*Records supplied*
%%
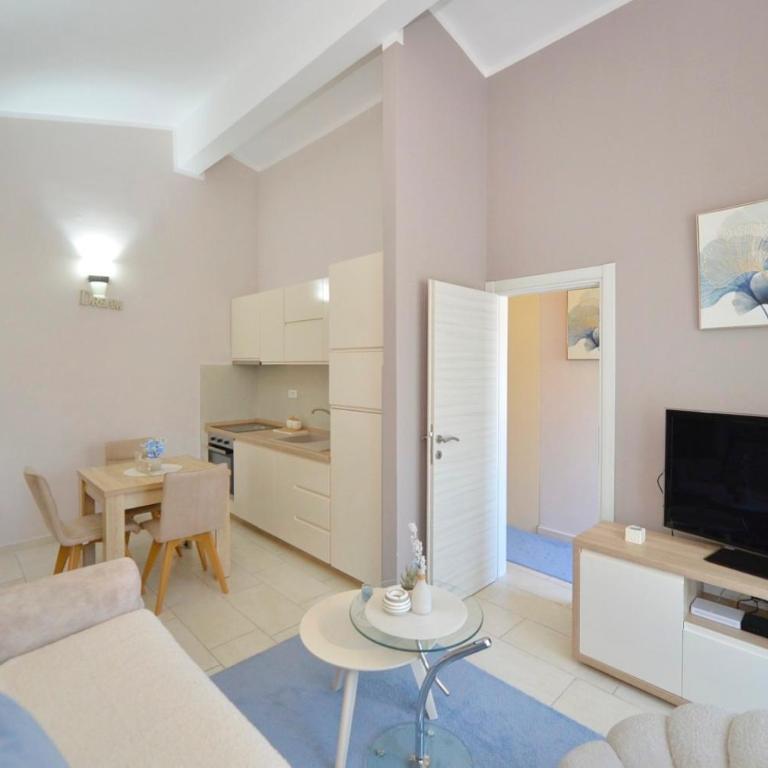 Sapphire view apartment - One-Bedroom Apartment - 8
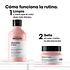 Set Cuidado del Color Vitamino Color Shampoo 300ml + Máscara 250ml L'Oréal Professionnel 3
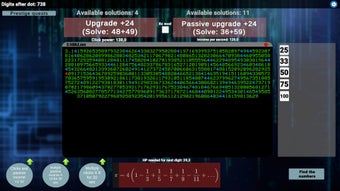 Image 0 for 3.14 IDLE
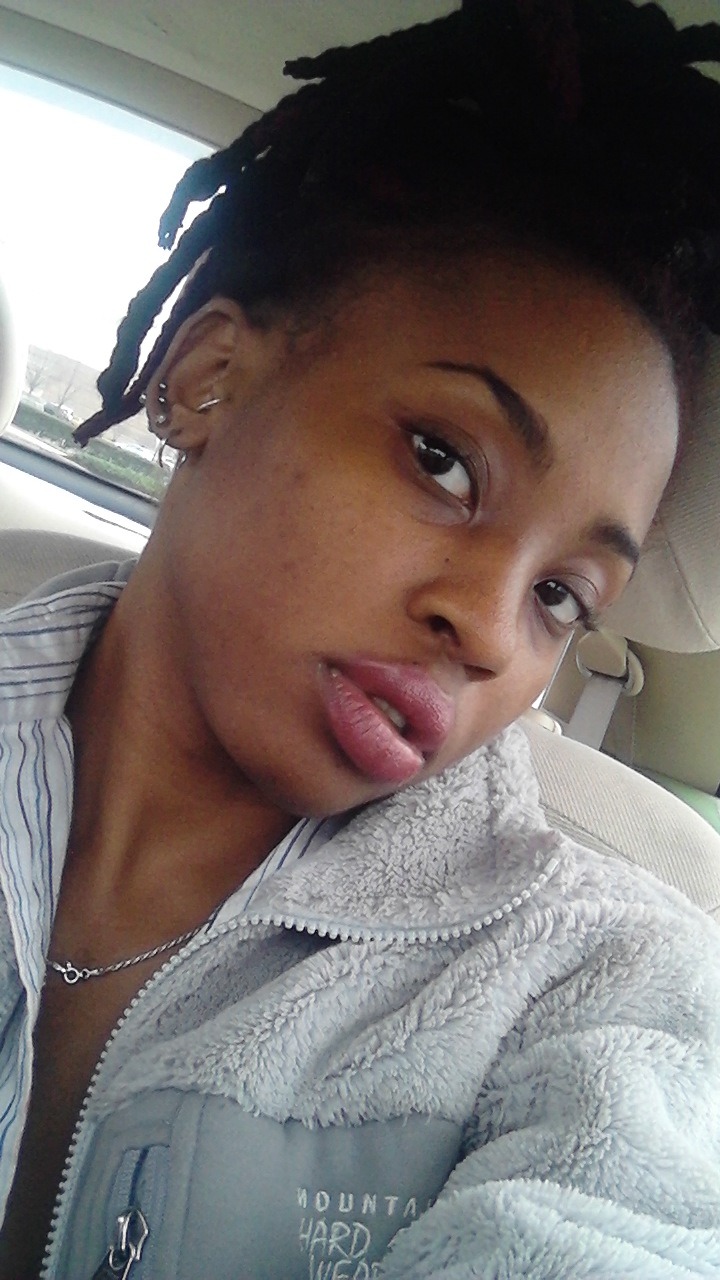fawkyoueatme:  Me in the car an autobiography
%%
%%
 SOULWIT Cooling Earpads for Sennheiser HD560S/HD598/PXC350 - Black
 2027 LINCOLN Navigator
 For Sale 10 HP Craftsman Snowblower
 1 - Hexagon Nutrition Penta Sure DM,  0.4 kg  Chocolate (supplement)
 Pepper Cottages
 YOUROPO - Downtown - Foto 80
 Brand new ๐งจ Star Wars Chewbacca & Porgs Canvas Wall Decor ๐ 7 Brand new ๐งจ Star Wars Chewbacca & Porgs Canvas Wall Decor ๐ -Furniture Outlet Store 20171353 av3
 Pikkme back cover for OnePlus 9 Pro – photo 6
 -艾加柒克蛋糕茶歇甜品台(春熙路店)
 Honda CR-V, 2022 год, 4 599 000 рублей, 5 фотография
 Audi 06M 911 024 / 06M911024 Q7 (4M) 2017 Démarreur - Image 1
%%
Print exactly the lines above from the one with "YOUROPO - Downtown - Foto 80" to the one with "Audi 06M 911", including both.

*Solved problem*
 YOUROPO - Downtown - Foto 80
 Brand new ๐งจ Star Wars Chewbacca & Porgs Canvas Wall Decor ๐ 7 Brand new ๐งจ Star Wars Chewbacca & Porgs Canvas Wall Decor ๐ -Furniture Outlet Store 20171353 av3
 Pikkme back cover for OnePlus 9 Pro – photo 6
 -艾加柒克蛋糕茶歇甜品台(春熙路店)
 Honda CR-V, 2022 год, 4 599 000 рублей, 5 фотография
 Audi 06M 911 024 / 06M911024 Q7 (4M) 2017 Démarreur - Image 1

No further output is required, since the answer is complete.